Smith ordered that the remaining fans in attendance were not allowed to storm the court until all Wagner players had left the premises. Upon the restarting of the game, Bryant mostly dribbled out the shot clock on its possessions. With 2.6 seconds left in the game, Wagner players left the floor, allowing for Bryant fans to storm the court in celebration of the school's first NCAA Tournament bid.

Peter Kiss ended with a game-high 34 points. Morales, who won NEC Player of the Year over Kiss, finished with 3 points on 0-for-16 shooting from the floor, his first performance with zero field goals in 72 career games with Wagner.

== Aftermath ==
The Rhode Island State Police arrested 20-year-old Bryant student Connor Gleim, from Raynham, Massachusetts, in connection with the brawl. Gleim was charged with disorderly conduct and obstructing an officer in execution of duty.

=== Reactions ===

==== Bryant ====
Bryant head coach Jared Grasso said after the game, "It was an unfortunate incident. Again, I have no idea what took place.
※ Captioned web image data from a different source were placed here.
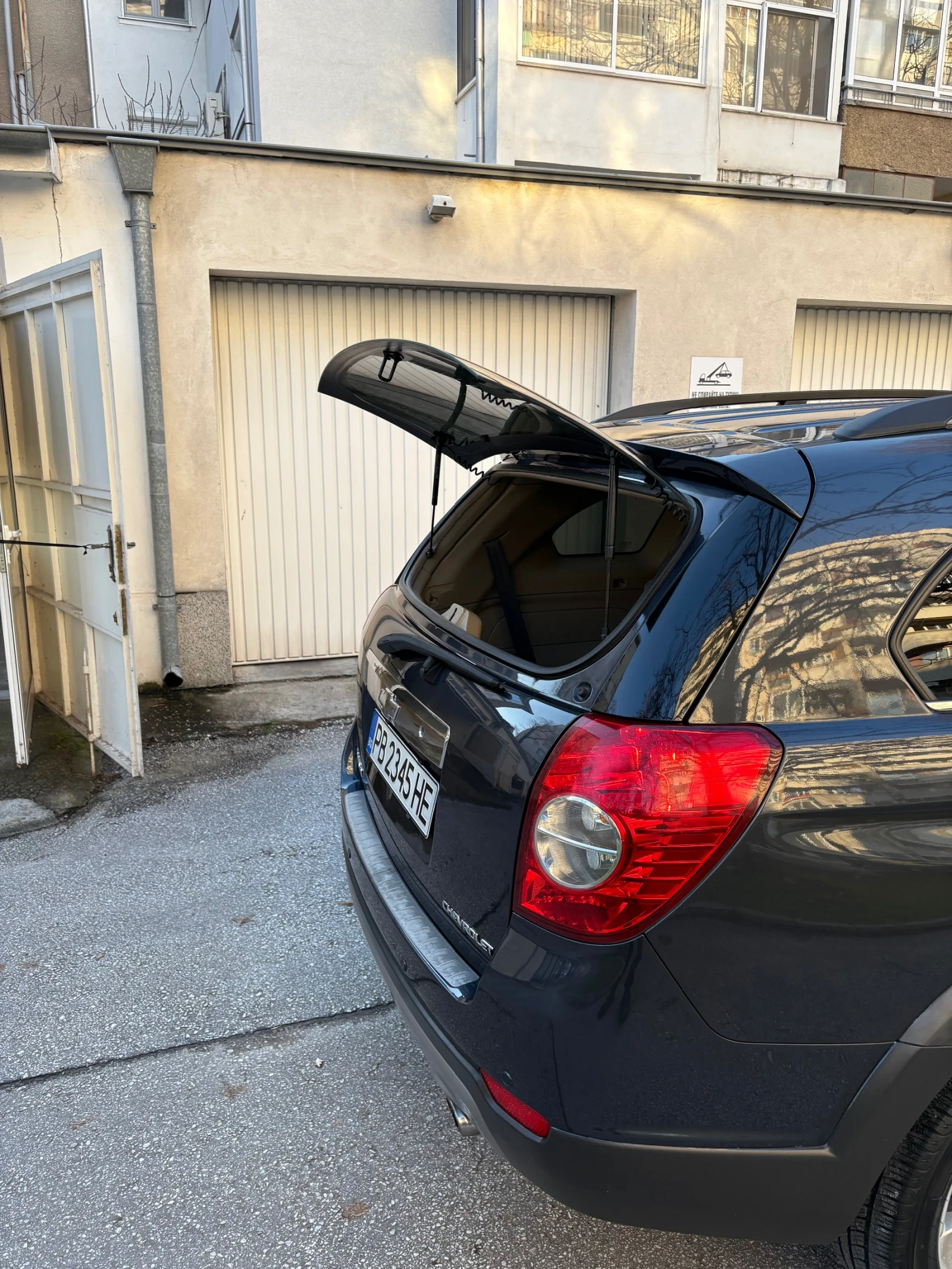 Chevrolet Captiva 2.0d 4х4 ОТЛИЧНО СЪСТОЯНИЕ, снимка 11 - Автомобили и джипове - 53612221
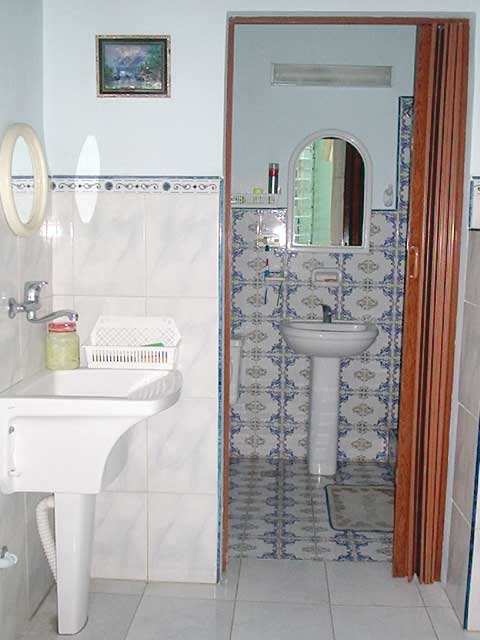 Bathroom Casa Particular 200 years old
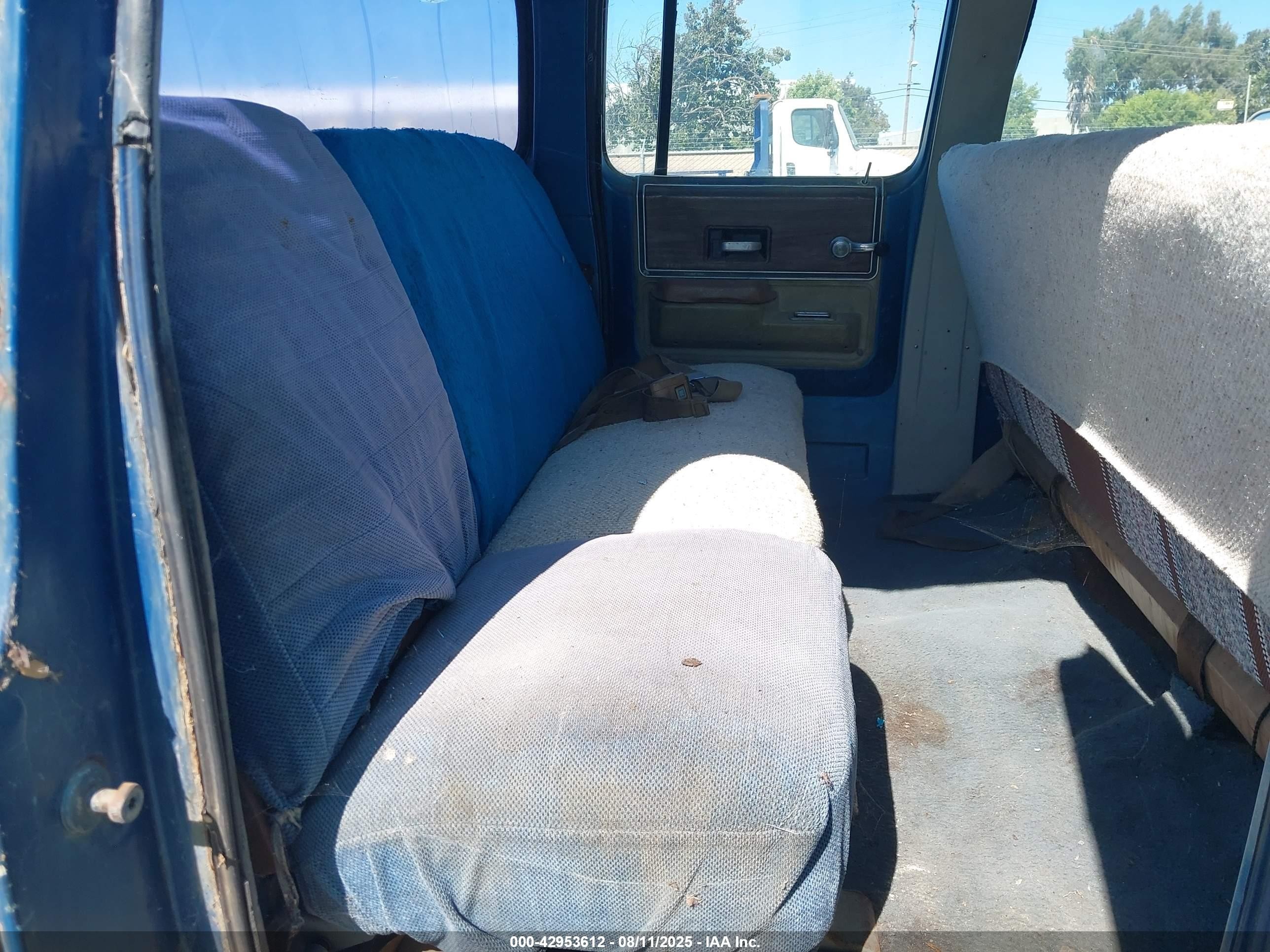 1973 Chevrolet Suburban   Синий vin: CCZ264F116518    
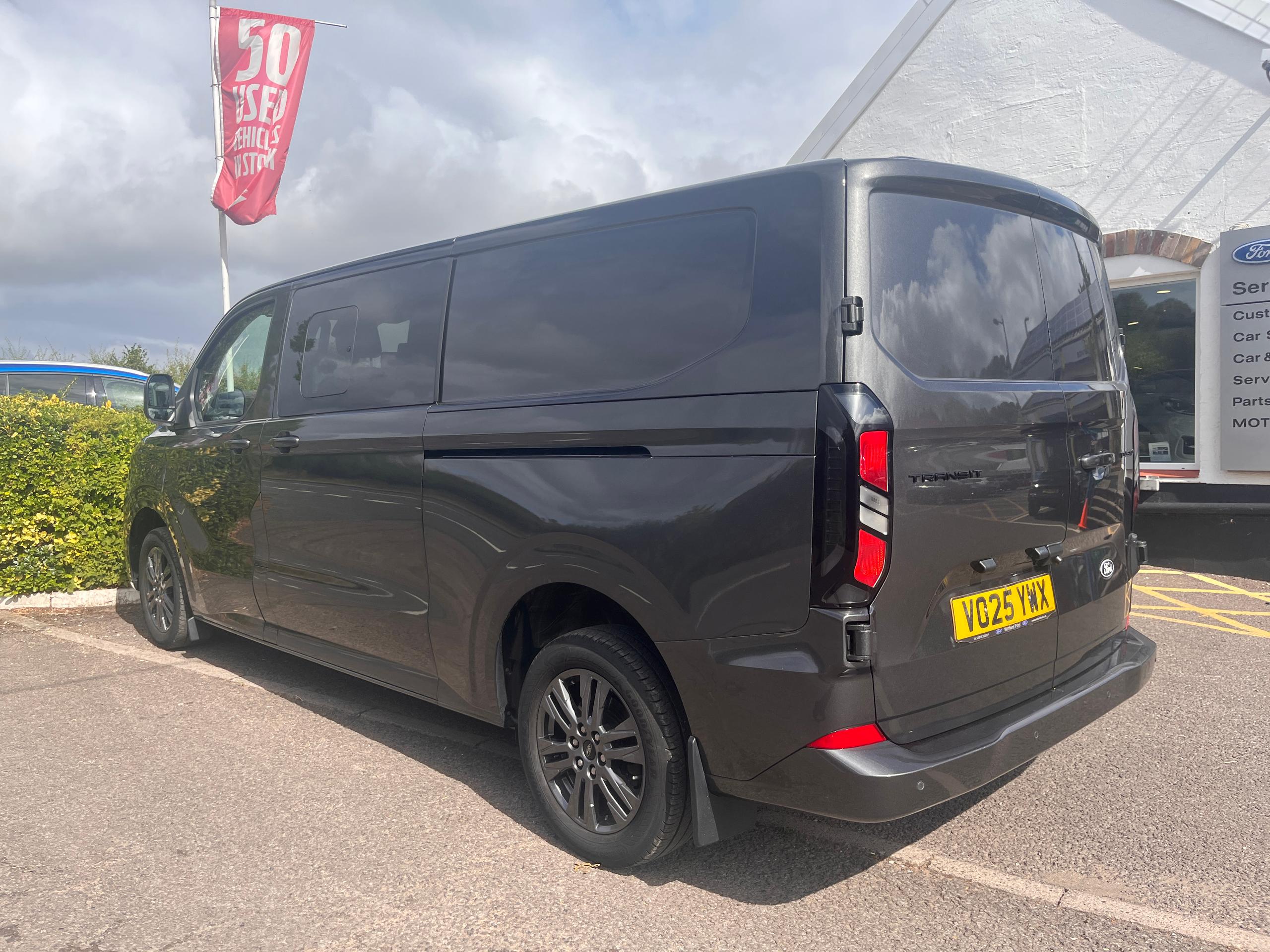 Used Ford TRANSIT CUSTOM VO25YWX 14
I don't know how it started, why it started, what took place. Thankfully, our guys were not a part of it."

In a statement released the day after the brawl, Bryant University president Ross Gittell said, "The team presented Bryant spirit and character that was unfortunately not demonstrated by all of our students in the stands last night. At Bryant we know we are better than what some of our students demonstrated last night. Treating others with respect and care is who we are, and we did not do that as a community as well as we should have last night. We must and will do better going forward." Gittell said that he had reached out to Wagner's interim president.

Bryant University said that the brawl is under investigation and that students involved will face consequences.

==== Wagner ====
Wagner College interim president Angelo Araimo released a statement confirming that all Wagner players, staff and students who travelled to the game had returned to Staten Island safe. "After the game was stopped in the second half due to an altercation in the stands, we made the decision to remove our band, spirit teams and fans from the arena. No Wagner student was directly involved in the incident, but we decided to remove ourselves from the increasingly hostile and unmanageable environment," Araimo said.

==== Northeast Conference ====
NEC commissioner Noreen Morris said she was "disgusted" by the events and that the conference would launch an investigation into the brawl. Morris vowed to review the conference's game management policy to prevent future skirmishes. Morris and two NEC head coaches refused to comment for a New York Post article profiling Kiss before the NCAA Tournament.

Shortly thereafter, Bryant left the NEC and joined the America East Conference.